[TASK DATA]:
-- Opening Marker --

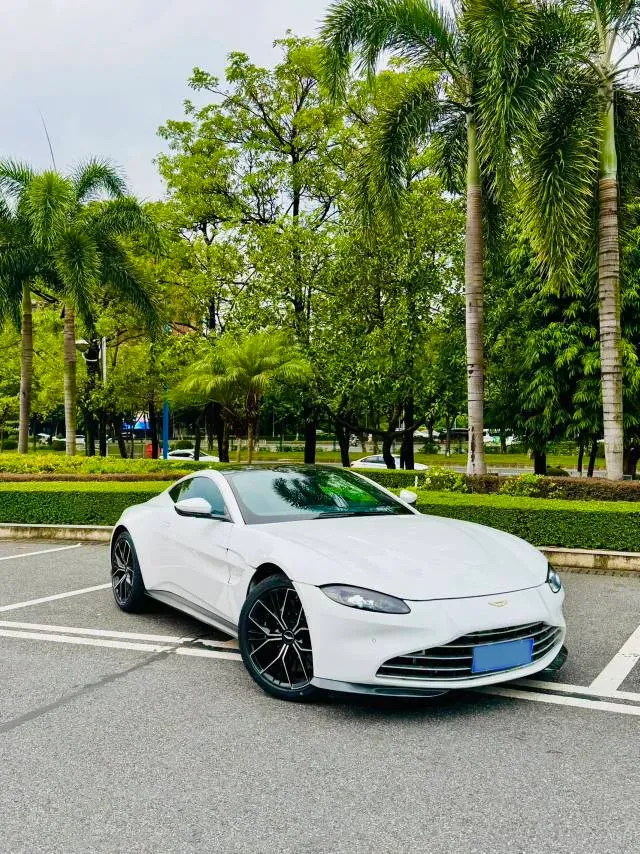 2023 Aston Martin V8 Vantage 4.0T 510HP V8 8AT,autocango,china used car exporter,china ev exporter,chinese used car exporter,chinese used ev exporter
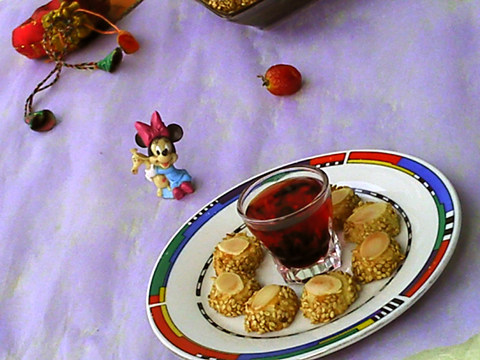 Sesame Almond Cookies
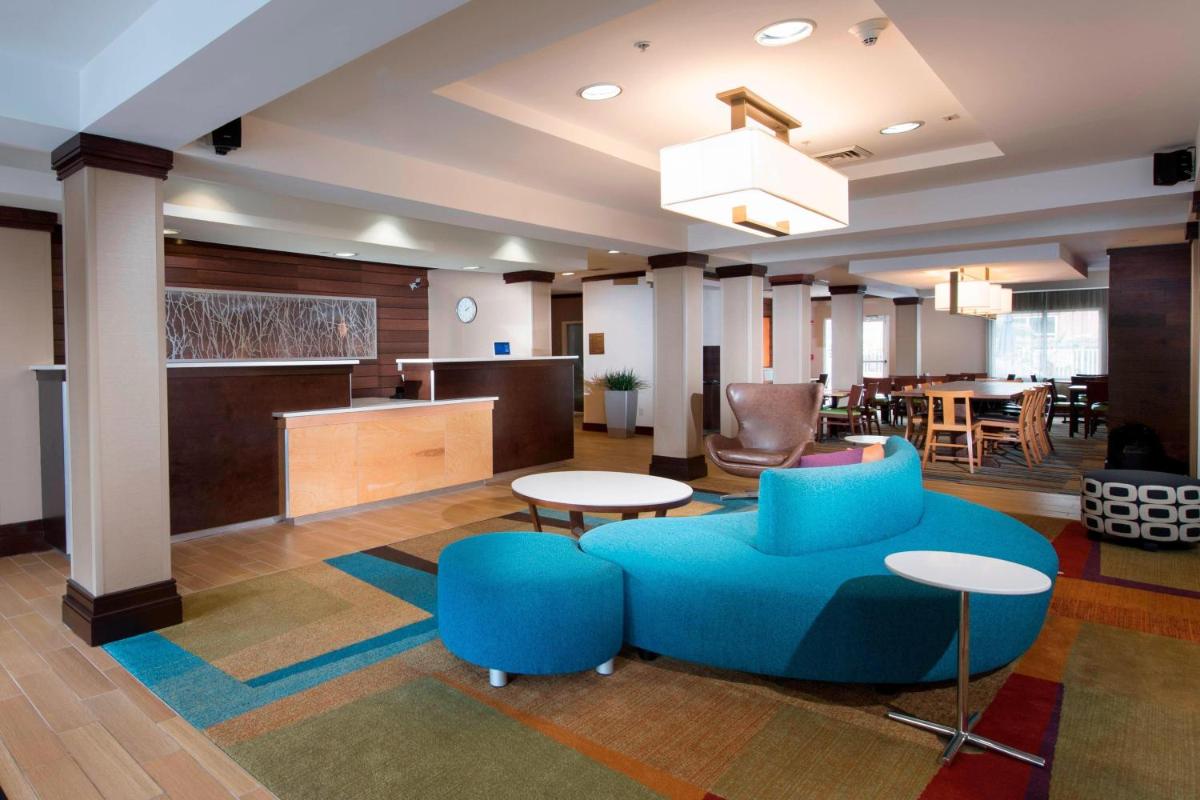 Fairfield Inn and Suites Charleston North/University Area - main image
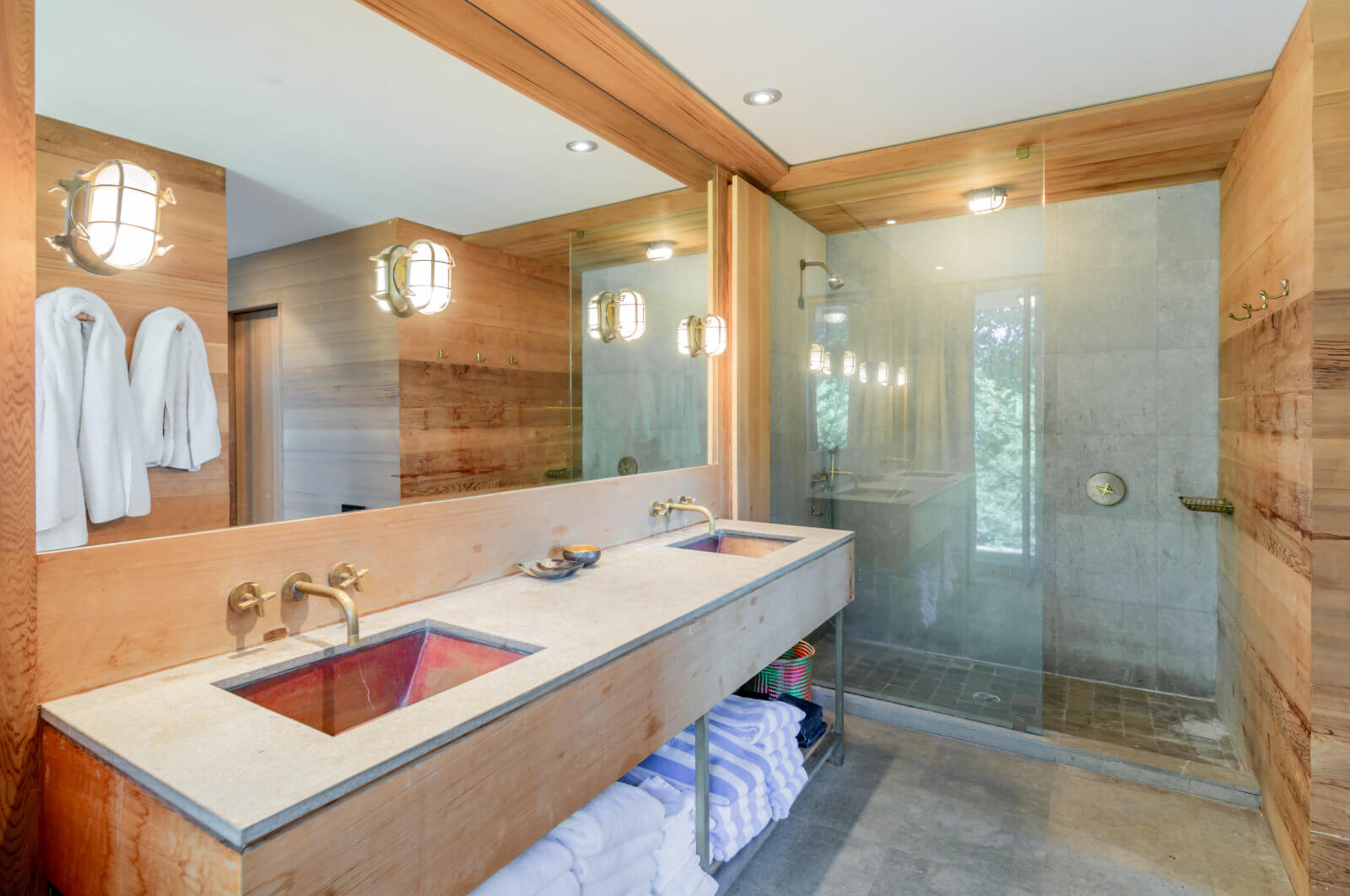 300K Secures Amagansett Summer Rental on the Water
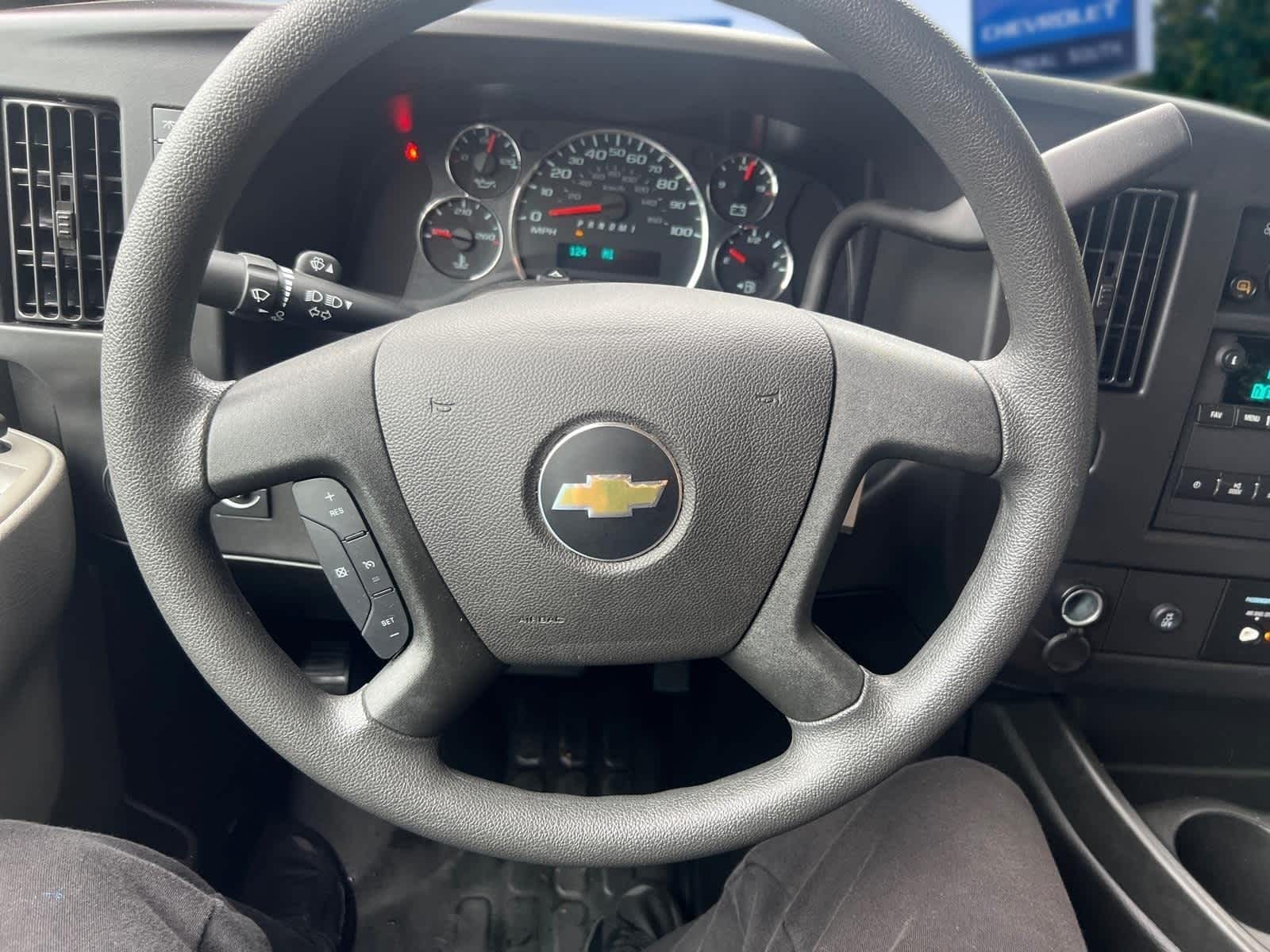 2025 Chevrolet Express Cargo WT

-- Closing Marker --

[PROBLEM TO SOLVE]: What the answer needs is every line from the one with "300K Secures Amagansett" through the last line of the data, reproduced word for word and with pictures omitted.

[REPLY TO THE TASK]:
 300K Secures Amagansett Summer Rental on the Water
 2025 Chevrolet Express Cargo WT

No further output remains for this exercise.